While other kids were playing pick-up games of basketball, going to the movies and growing up gradually, Marks was thrust into the fray of being wholly at the mercy of a sport. Every aspect of life was related to football or school until it swallowed Marks. Football became who he was.

“He knows who he is, and I think he’s comfortable with himself,” Gersh said. “Before, I think he thought of himself as a football player named Gabe Marks. I used to tell him, ‘You are Gabe Marks, who just happens to play football.’”

During that year, Marks had many conversations with his grandpa and his uncle, talking through the disappointment and frustration he felt as he was pulled away from the very thing that had dictated his life for the past 10 years.

The sport he loved had exacted a harsh and unavoidable cruelty on him. Having his identity inextricably tied to football helped him to cope with his father’s death and brought him to WSU with a fully-funded education, but it cost him dearly.

“It’s hard.

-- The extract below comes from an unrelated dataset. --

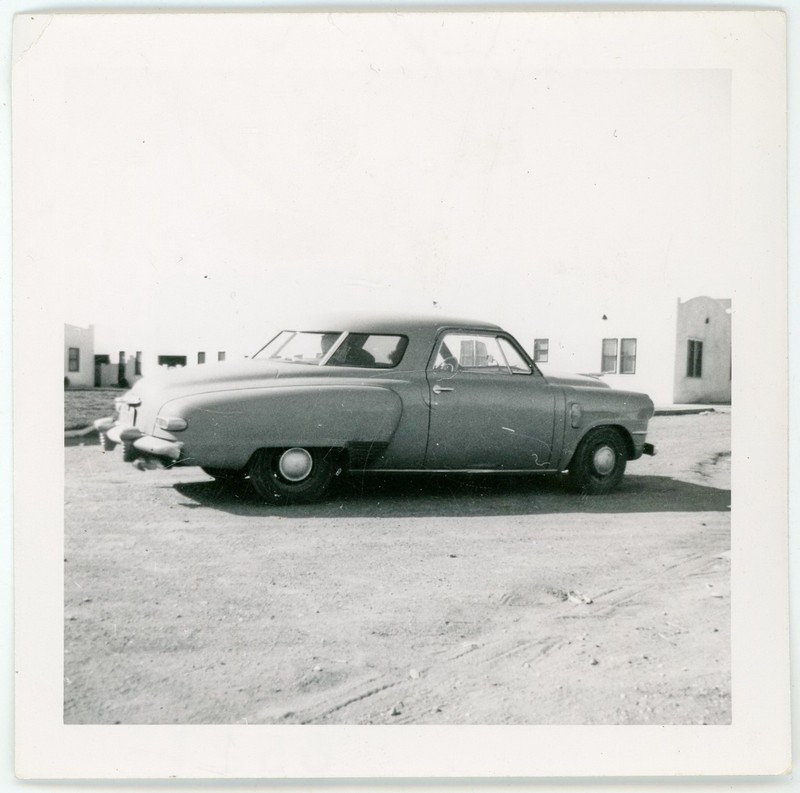 Vintage Snapshot Photo 1947 Studebaker Champion Starlight Coupe by Motor Court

It’s hard when your identity all your life is just that you are this amazing football player that everybody is waiting to see every week,” Gersh said. “I think for athletes what happens is they get into this, ‘I’m going to be forgotten about’ mindset… He was worried with finding his identity outside of football. It was a struggle.”

Having time to reflect and relieve some of the pressure changed him as much off the field as it did on it. He matured. He let go. He found himself more dedicated while maintaining a sense of self away from the game he so loves.

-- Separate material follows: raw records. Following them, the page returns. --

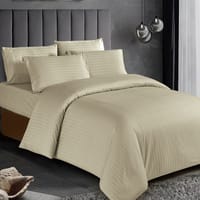 7-Piece King Size Italian Jacquard Luxurious Hotel Style Comforter , Checked Stripes with Removable Filler, Beige Colour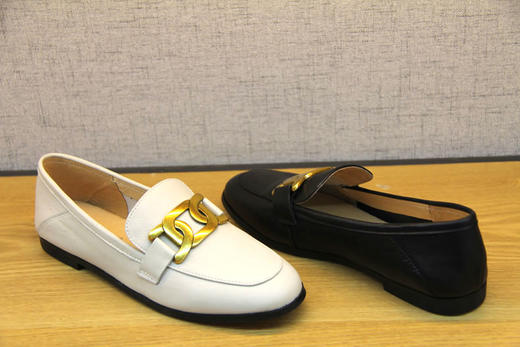 豪行春新款21168170真皮乐福鞋女一脚蹬复古英伦风小皮鞋平底单鞋 专柜正品 商品图5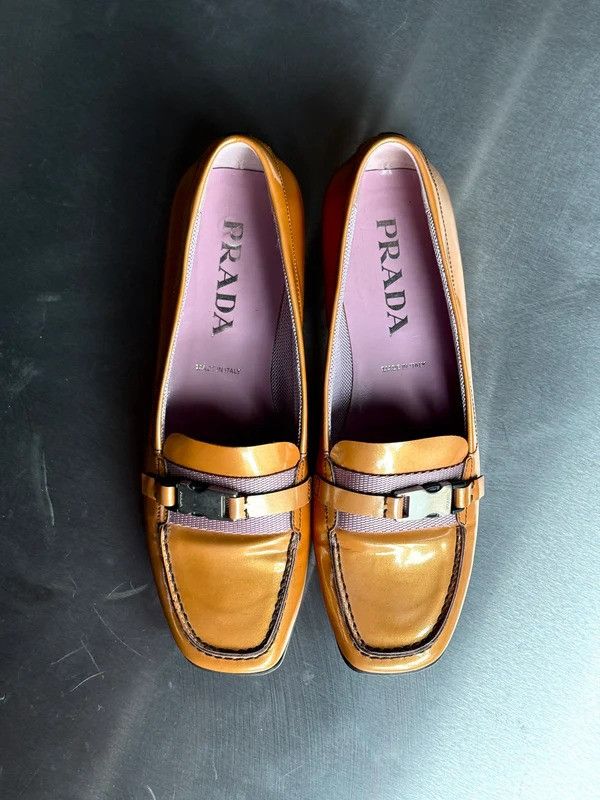 Prada Vintage Prada Vernis Flat Loafers Orange - EU 36.5 Size US 5.5 / IT 35.5 - 2 Thumbnail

“He smiles a lot more [now],” Chambers said. “There is a sense of lightheartedness that he has now that he didn’t have before.”

Football never ceased to be a colossal part of Marks’ life during that year; it just momentarily stutter-stepped. He contributed to Thursday Night Football and sustained a rigorous work-out routine, his eyes already on the next season.

Now nearly three-quarters of the way through his first season back, he hasn’t skipped a beat. And although that may surprise some, for Marks there is no such thing as regression.

But now, he has a redefined relationship with the game. His time on the field isn’t overshadowed by the fear of being lost among the masses should something happen. He knows who he is, what he is capable of.

“The rest of the world, they know him as number nine, the guy that catches a lot of touchdowns,” Chambers said. “But outside of the uniform, you take the helmet off, he’s an extremely smart kid, extremely perceptive of the world. He is curious, intellectually curious.”

As a sociology major minoring in philosophy, Marks is doing what he always has done: chasing what he loves. His desire to figure out why the world is the way it is, why people are the way they are, does not make him different from many others. It is the time he devotes to studying something that truly interests him while also devoting ungodly amounts of work to football.

For that, he stands alone.

He is as much a football player as he is a scholar. He is as much a teammate as he is a friend. He is unapologetically confident and he is genuine, sensitive and caring. He picks the highest possible goal and sets his mind to it, but is not disillusioned by the scale of it.

In the hallway outside the conference room, he smiles and offers his reasoning behind his desire to be the best, “If I strive for that, it could work out, it might not, but if you set the bar high enough and you fall short, you’ll still fall pretty high.”